Nukes give States a tremendous case of blue balls that motivate all sorts of overcompensation and strategic myopia. Dial-a-payload will help I'm sure.

TonyL

Col Lang,

Yes, I am Vienamese, one of the boat people who got out of VN after 1975. I grew up in VN during the war but never was in the military. I came back a few times to visit, after US and VN had established diplomatic relationship.

IMO, everything you and A.I.Schmelzer said about Vietnamese culture and its people attitude about foreigners, and in particular, Chinese, are all generally accurate, except for a few subtle points regarding the true feeling of the "Kinh" towars the minorities or the mutual distrust among Vietnamese and Chinese . The Vietnamese people are generally ethnocentric, but don't hate or despise "the others". Except during war time, everything was in chaos, not what it seems to be.
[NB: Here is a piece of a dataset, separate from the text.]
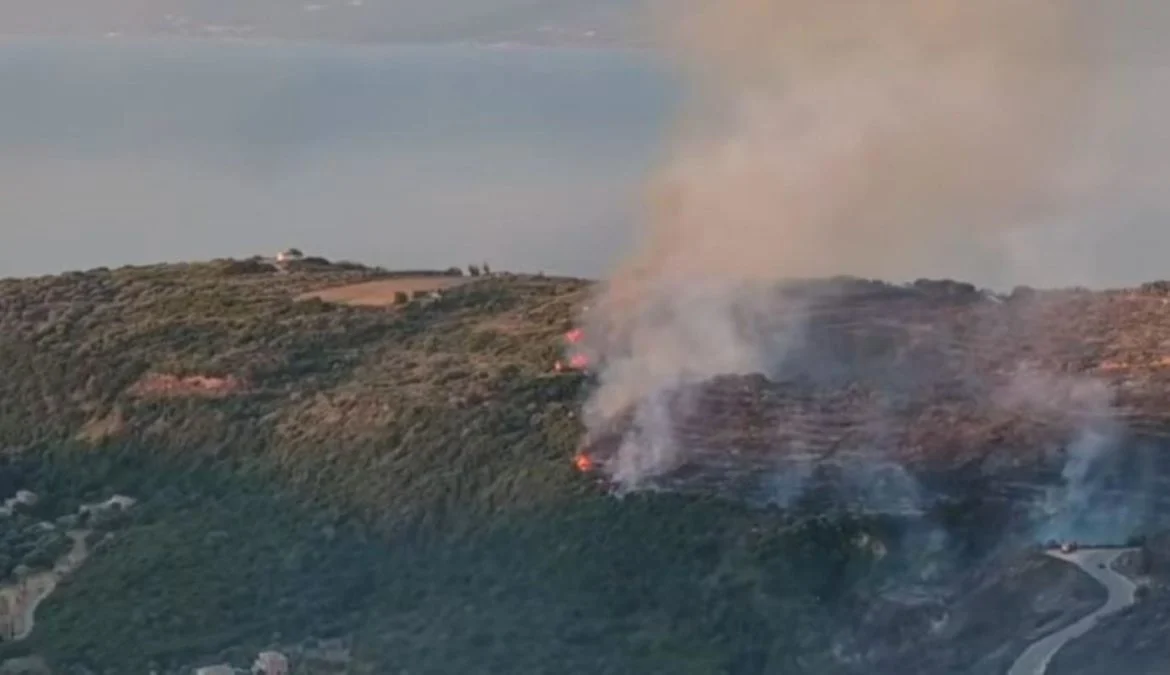 Τεράστια περιβαλλοντική καταστροφή και ανυπολόγιστες ζημιές στη φύση προκάλεσαν οι καταστροφικές πυρκαγιές που εκδηλώθηκαν στην περιοχή Πάστρα της Κεφαλονιάς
Certainly, I never heard or seen the kind of racism that to the degree of the KKK against the blacks, for example. Actually, the term "moi" was no longer used during the 70s, the more popular term was/is "đồng bào thượng". It litterally translates as: people who came from the same embryo and live in the highlands :) It came from Vietnamese mythology that all people who live in the land were born from the same mother. A few of my friends in school were from the tribes from the highland. That "moi" degatogary term was not used among the youths in VN back then in the 70s, ever.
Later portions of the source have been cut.